Fort Worth Data Science MeetUp

03/11/2016

H2O Demonstration in R

Presented by: Matthew Landowski

H2O Overview

  • Open source machine learning platform
  • Written in Java (runs on the JVM)
  • In-memory distributed parallel processing
  • H2O Sparkling Water - Works with Spark
  • Can export models

H2O Built in Algorithms

  • (Gradient Boosted Machine) GBM
  • K-Means
  • Distributed Random Forest
  • Deep Learning
  • Generalized Linear Model (GLM)
  • Naive Bayes
  • Principle Component Analysis (PCA)

Setting Up a Cluster

flatfile.txt

192.168.1.163:54321
192.168.1.164:54321

Star H2O nodes with flat file

java -Xmx20g -jar h2o.jar -flatfile flatfile.txt -port 54321

Recommend:

  • nodes are identical (same cpu(s), memory, etc)
  • 10Gbit Ethernat or greater

H2O in R

Easy to install package

# Install h2o package. Downloads latest version.
# Client and server need same h2o version installed.
install.packages("h2o")

Easy to use

library(h2o)

# can define max memory size, threads (cpus), etc
h2o.init(max_mem_size = 24, nthreads = 3)

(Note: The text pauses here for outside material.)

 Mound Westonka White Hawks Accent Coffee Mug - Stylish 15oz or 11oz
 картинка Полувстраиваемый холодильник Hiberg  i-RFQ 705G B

# create h2o frame from R data frame
iris.h2o <- as.h2o(iris)

# Train a multinomial model on the training data
# x and y are vectors of column names or indices
fit <- h2o.gbm(x = 1:4, y = "Species", training_frame = iris.h2o)

DeepLearing in H2O

# train deel learning model
model.dl <- h2o.deeplearning(2:784, 1, training_frame = h2o.train, nfolds = 10)

# make predictions
h2o.predictions <- h2o.predict(model.dl, h2o.test)

Grid Search

Model optimization avaible with a built-in grid search.

grid <- h2o.grid("gbm", x = c(1:4), y = 5, training_frame = iris.hex,
                 hyper_params = list(ntrees = c(1,2,3)))

Summary

  • H2O is an easy to use machine learning framework
  • Powerful built in models
  • R, Python, and web intefaces available